Progressnotes - October/November 2012
- About MUSC Health
Like David facing down the much-larger Goliath, the MUSC Center for Cystic Fibrosis (CF), which includes both adult (Director: Patrick Flume, M.D.) and pediatric (Director: Isabel Virella Lowell, M.D.) programs, packs a lot of punch for its size. It was awarded the 2011-2012 Quality Care Award at the North American CF Conference for its ongoing dedication to developing and implementing quality improvement projects that use clinical outcomes data to improve patient care. It was chosen as one of 74 therapeutics development centers by the CF Therapeutics Development Network (TDN), the largest CF clinical trials network in the world, because of its demonstrated expertise in clinical research. Of those 74 centers, it is ranked 58th in size but enrolls the second most patients into clinical trials and has been ranked number one for overall performance for the past few years.

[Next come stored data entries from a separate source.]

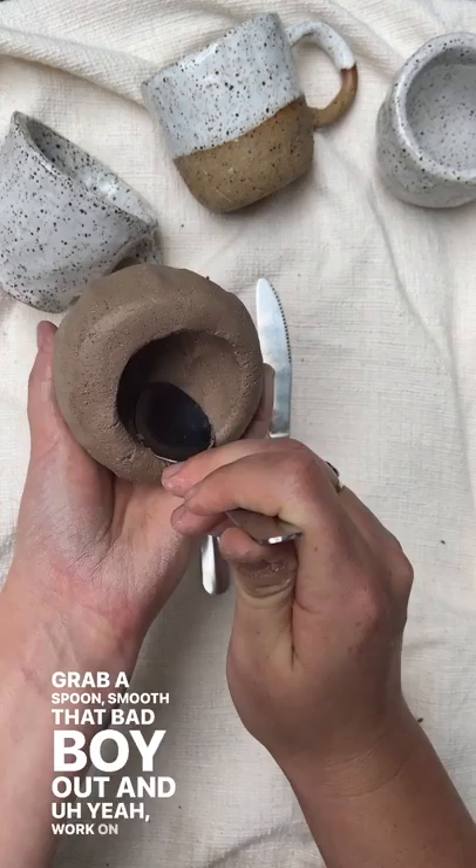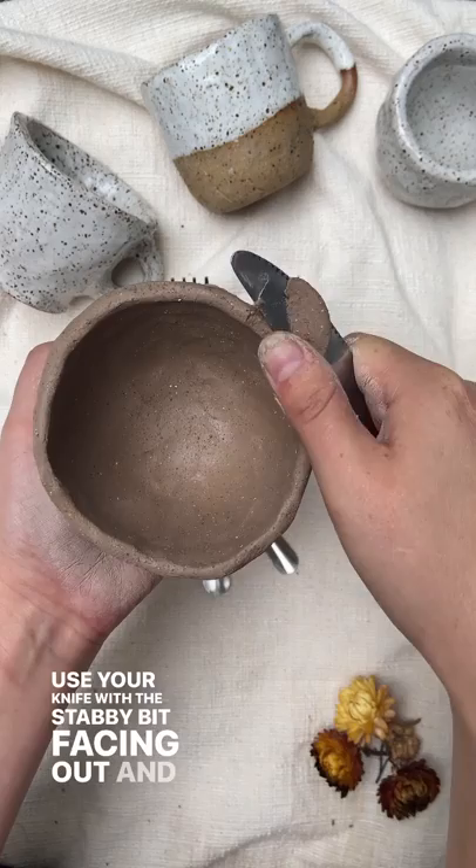Next bit is getting rid of any lumpy, bumpy bits. Use your knife with the stabby bit facing out and peel off any high areas.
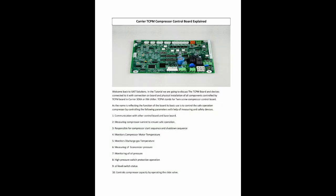Welcome back to UAT Solutions. In this tutorial, we are going to discuss the TCPM board and devices connected to it, with connection on board and physical installation of all components controlled by the TCPM board in Carrier 30XA or XW chiller.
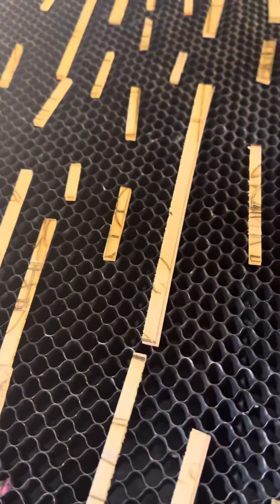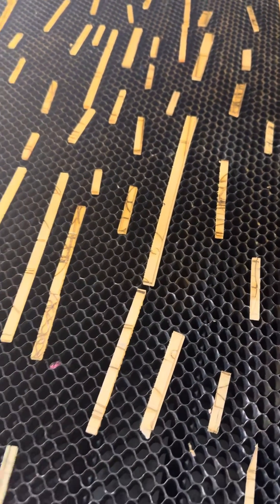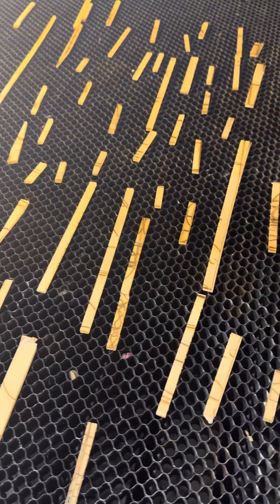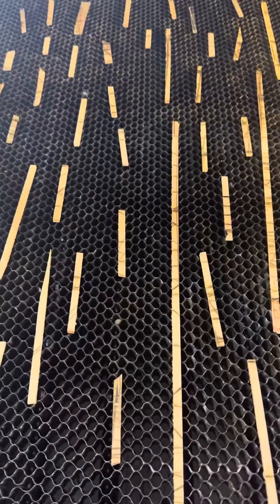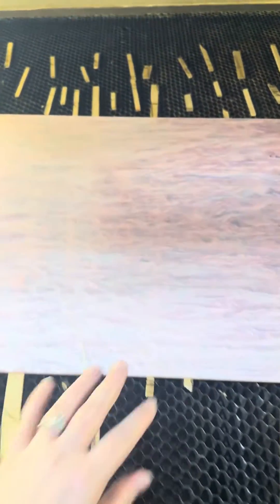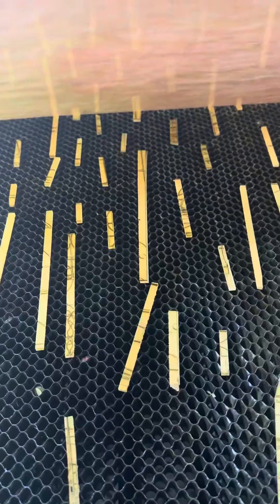A lot of people ask about raising acrylic off of their laser bed. We like to use scraps — probably a little more than I would normally use, but essentially you want pieces just on the edge. You don't want a full sheet under your acrylic, because if you do, your laser is still going to give you flashback. You want small, thin scrap pieces, usually on the edges and in the center.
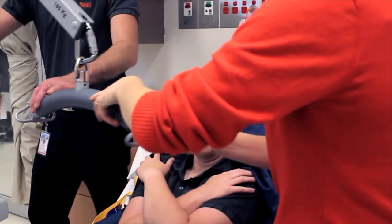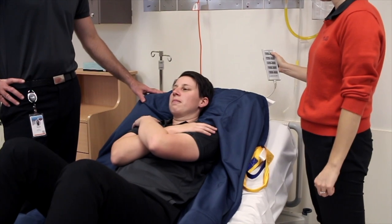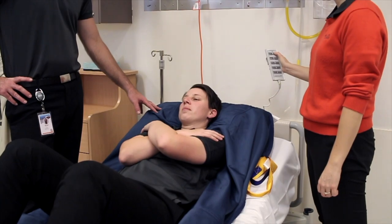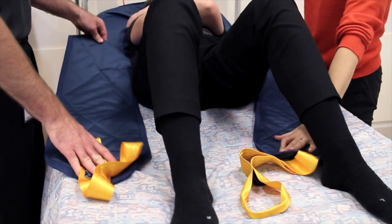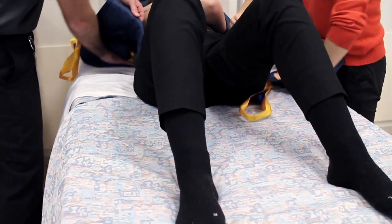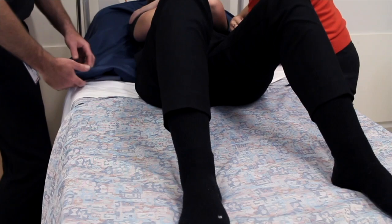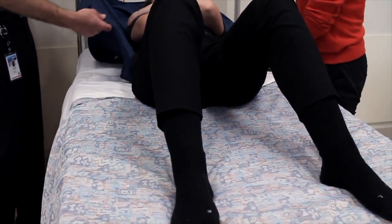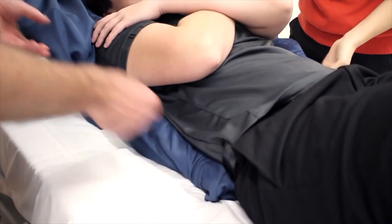To remove the sling we flatten out the bed and raise it to a good working height for each staff member, which is generally somewhere between the belly button and the upper thigh of both people. We'll then take the leg straps out of the road by tucking them under the body strap, and roll in any loose straps to minimise any risk of skin tears or catching of the straps on the client or consumer as we're removing the sling.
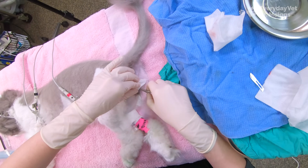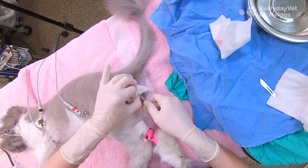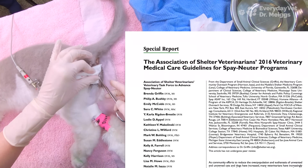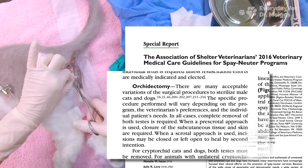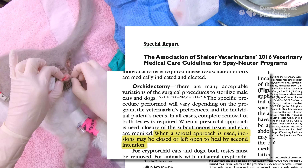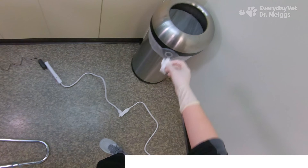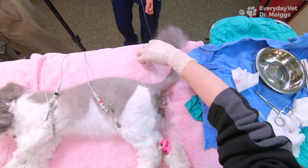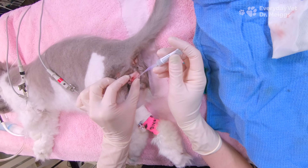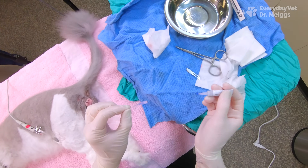Can I have some surgical glue please? I'm just going to apply a little bit of glue to close up the incisions — they're small enough that I don't need to place any suture material.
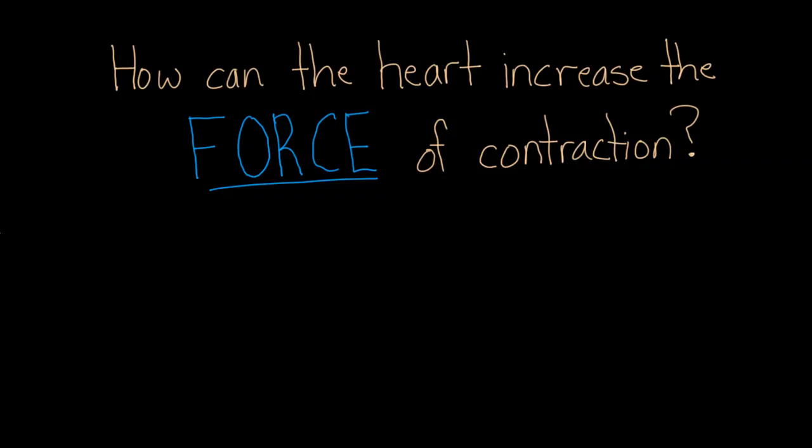Here's a question: how can the heart increase the force of contraction? Put yourself in the position of the heart. The heart is working very, very hard every single day to beat, and now it's being asked to do even more. So what's the answer? How do you actually increase the force of contraction?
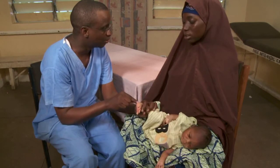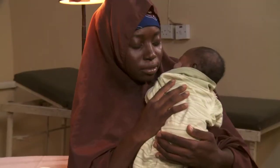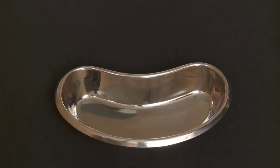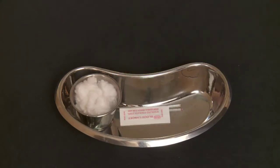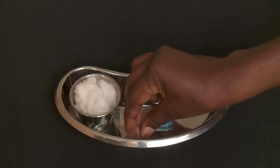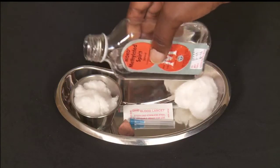To begin, let the mother know how this will be done. Encourage her to comfort the baby to distract him from the pain. Then gather your supplies: cotton swabs, capillary tubes, a sterile lancet or 24 gauge needle, and plasticine. Pour antiseptic on the cotton and remember your gloves.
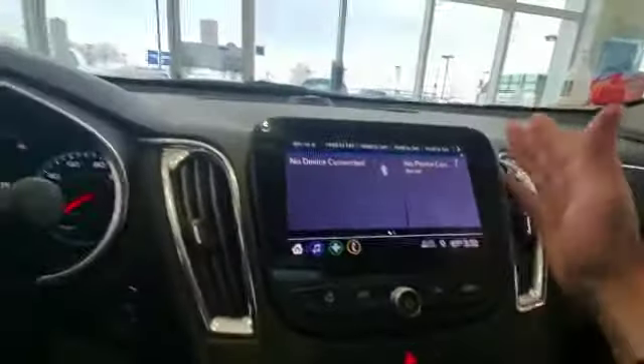Hey, what's going on guys? This is Jacob from Tim Lally Chevrolet, just going to do a quick how-to video on how to use the Bluetooth as well as the Apple CarPlay and Android Auto here in these Chevys. Let's check that out real quick.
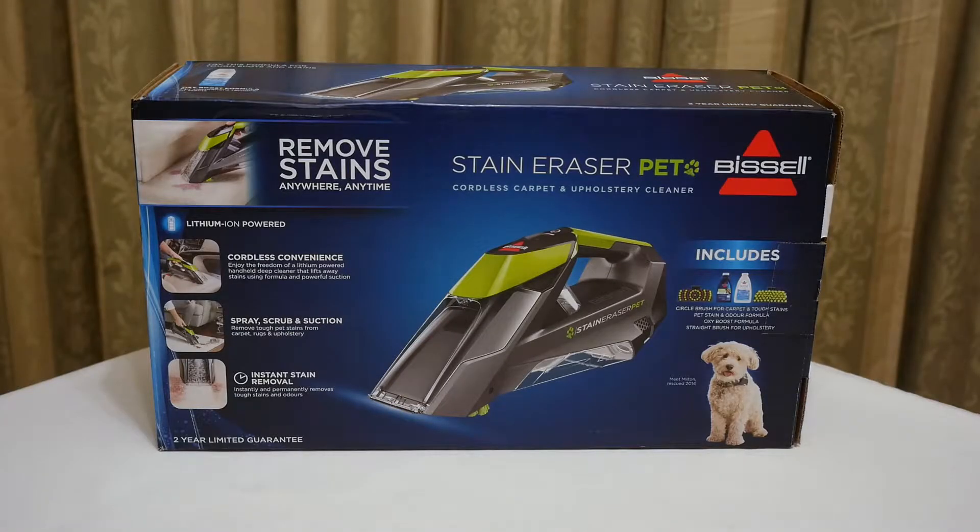Hello YouTubers, I'm Justin and today we're looking at a stain removing device. Basically this is one of those portable devices to remove pet and other stains that appear on carpets. I have a studio, I have pets, I thought I'd get one of these because sometimes I get stains that have to be removed.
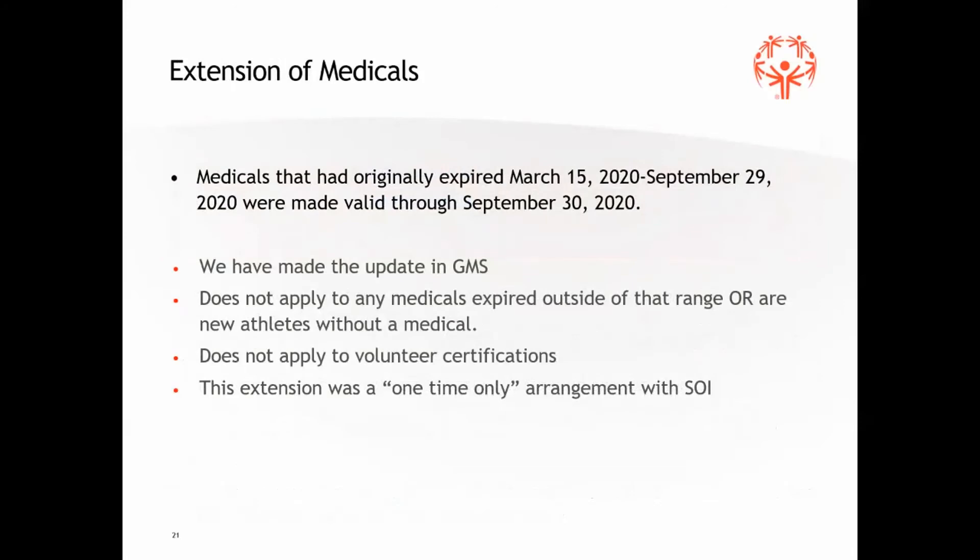Regarding medicals: we did have an extension for folks whose medicals had expired between mid-March when this all started and the end of September — that's all been done. It's past the date by which we extended them. That was a one-time-only situation — we will not be doing that again. We need to get special dispensation from Special Olympics International in order to do that extension, so it doesn't apply going forward. But in case you heard about it, we didn't want to not mention it.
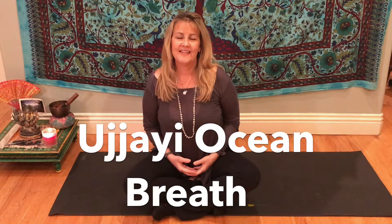Hi, this is Debbie. Today I'd like to teach a breath called Ujjayi breath, also known as ocean breathing.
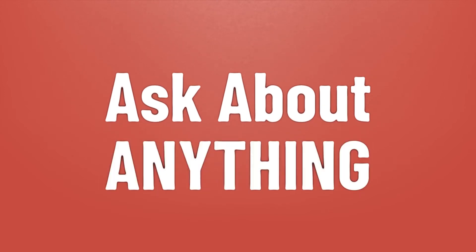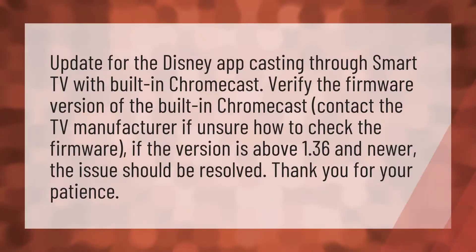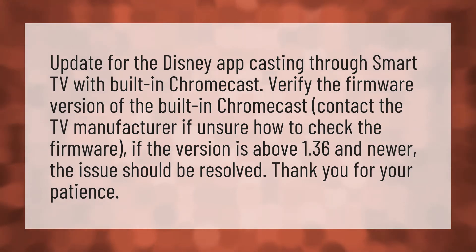We bring you the answers to all your questions — be better than others, enjoy the benefits of knowledge, and accept the answers from us. Update for the Disney app: casting through a smart TV with built-in Chromecast — verify the firmware version of the built-in Chromecast.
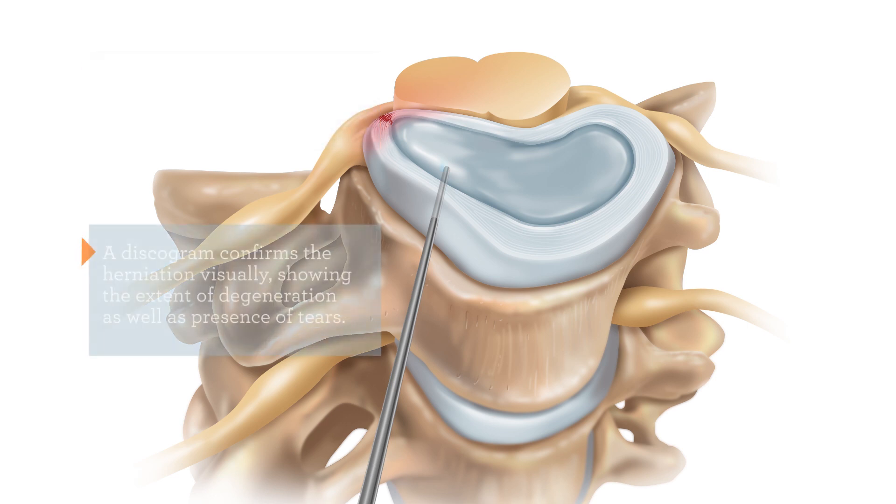A discogram confirms the herniation visually. Dye is injected into the disc space and allows the physician to see the extent of disc degeneration as well as any tears in the outer ligaments.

It was instrumental in collecting the data that led to the approval in January 2012 of ivacaftor (Kalydeco,™ Vertex Pharmaceuticals), the first drug to target one of the underlying causes of cystic fibrosis—reduced airway surface liquid resulting from a defective gating protein. It is also participating in phase 2 and 3 trials to test the efficacy of ivacaftor, in combination with other therapies, in CF patients with other genetic mutations.
With such support for clinical research, CF patients, many of whom were once fated to die in their twenties, now live to a median of 40 years. Because the CF Center at MUSC treats both pediatric and adult patients, it can help ensure continuity of care for these patients. The Center has also recently received a grant to develop a telehealth patient education program. Instead of being overwhelmed with too much information during a clinic visit, CF patients can meet with a respiratory therapist regularly via teleconference from the comfort of their own home, providing them more time to perfect their self-care (airway clearance) skills.